Skip the pictures and write out, word for word, the lines below from the one with "Dr. Paul Fortin" through the one with "A person with", inclusive.

Records for processing:
BEGIN

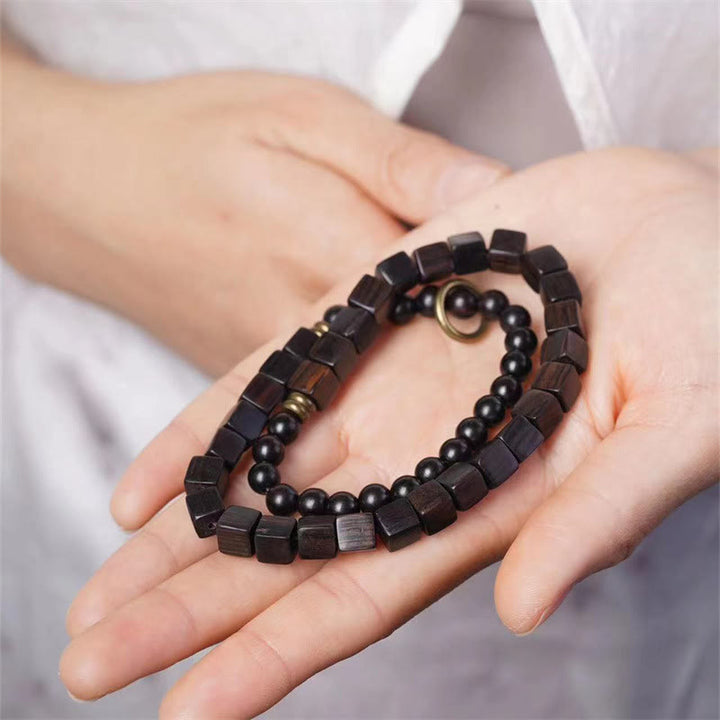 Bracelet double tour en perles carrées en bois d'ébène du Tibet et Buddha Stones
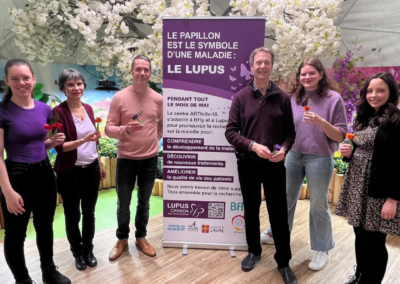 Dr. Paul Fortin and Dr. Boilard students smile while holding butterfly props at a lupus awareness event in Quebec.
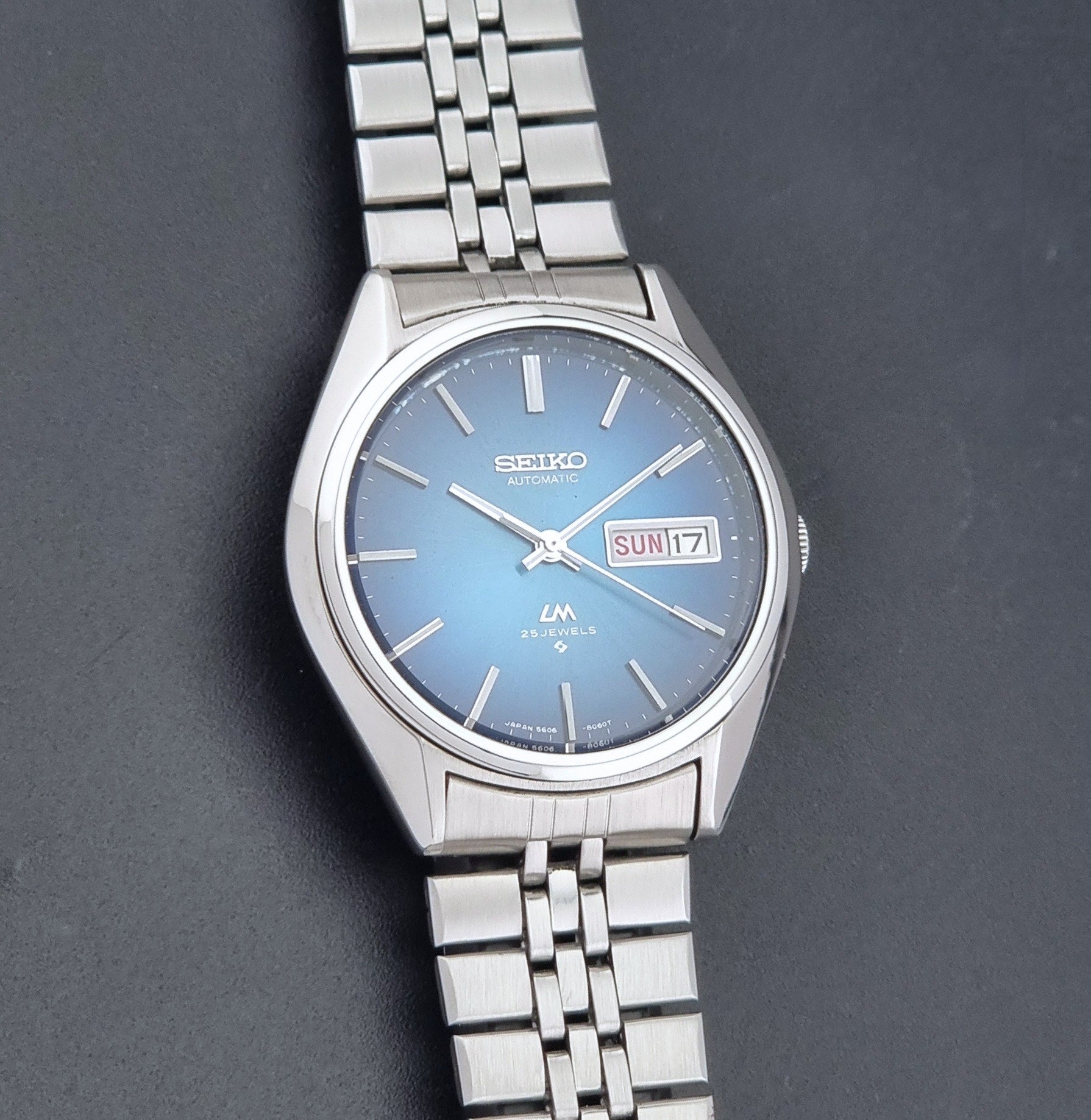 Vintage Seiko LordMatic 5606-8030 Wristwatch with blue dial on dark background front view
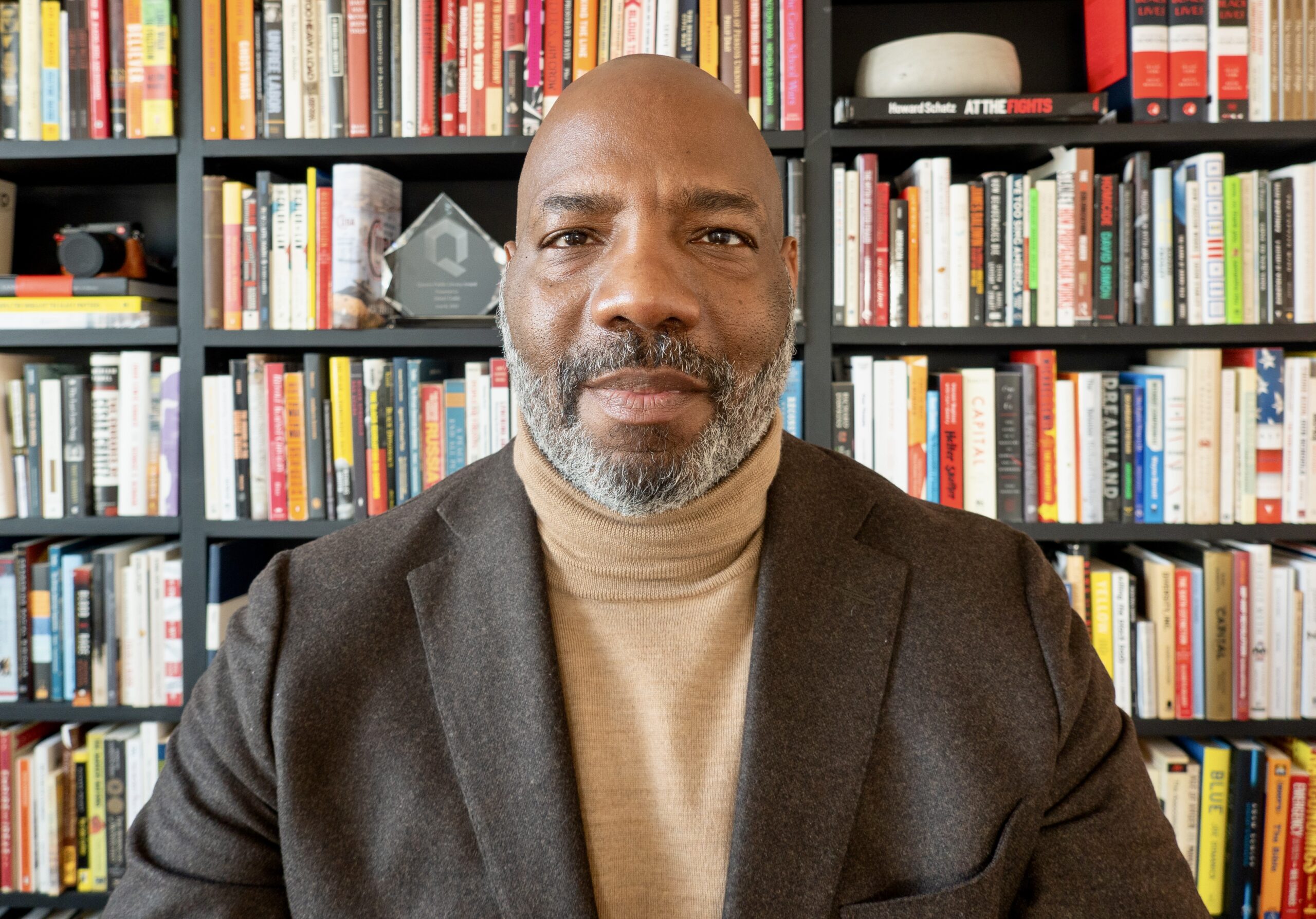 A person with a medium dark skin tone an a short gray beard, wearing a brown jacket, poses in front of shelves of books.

END
BEGIN

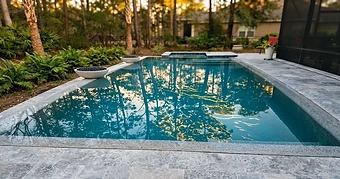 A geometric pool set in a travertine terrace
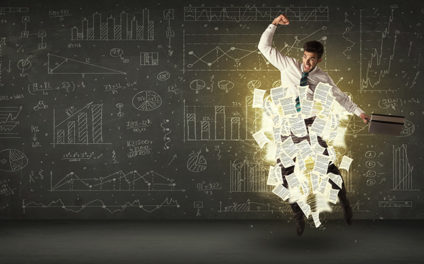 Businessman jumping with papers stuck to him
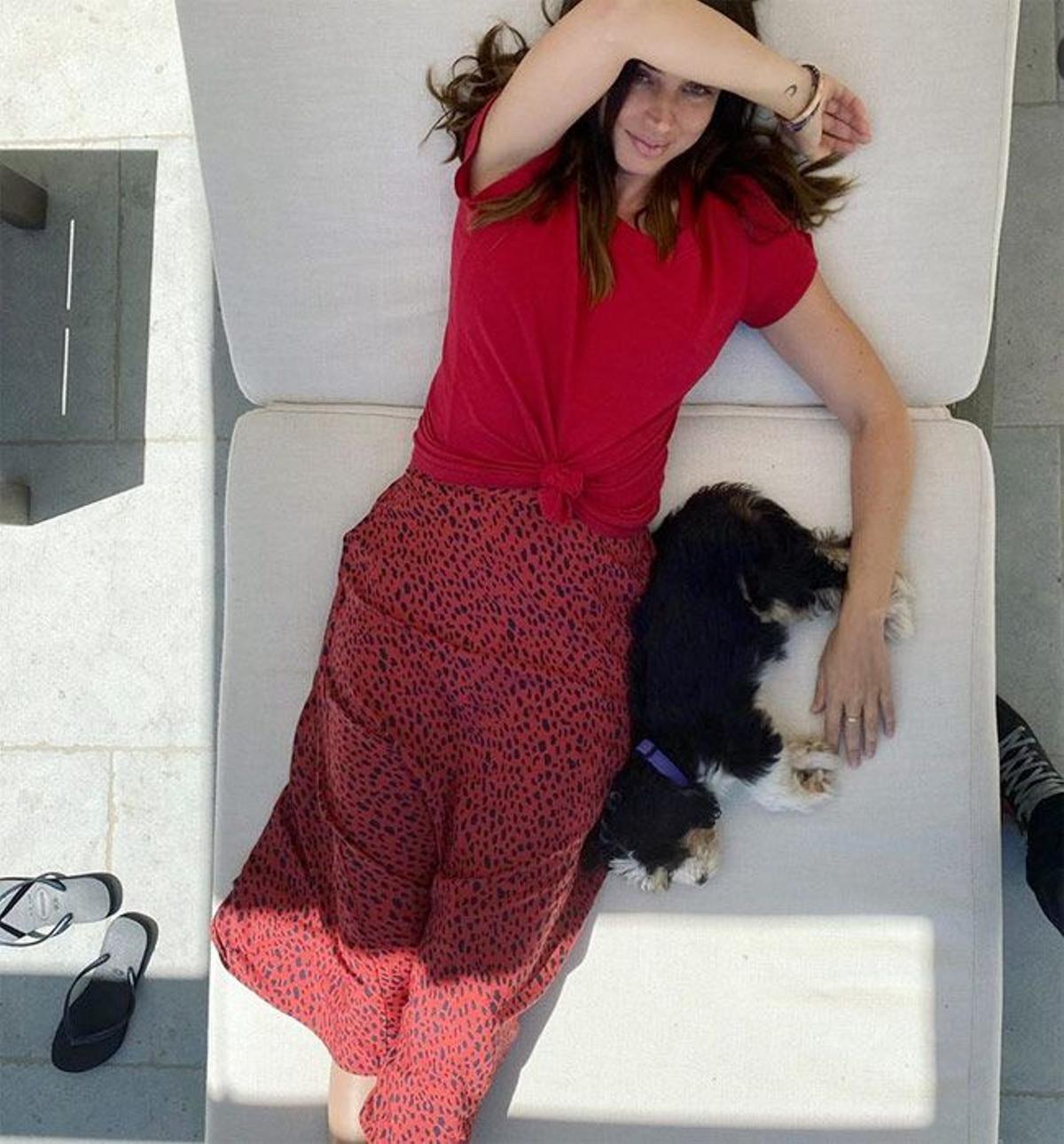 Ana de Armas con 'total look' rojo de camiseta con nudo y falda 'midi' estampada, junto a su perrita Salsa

END

Answer box:
 Dr. Paul Fortin and Dr. Boilard students smile while holding butterfly props at a lupus awareness event in Quebec.
 Vintage Seiko LordMatic 5606-8030 Wristwatch with blue dial on dark background front view
 A person with a medium dark skin tone an a short gray beard, wearing a brown jacket, poses in front of shelves of books.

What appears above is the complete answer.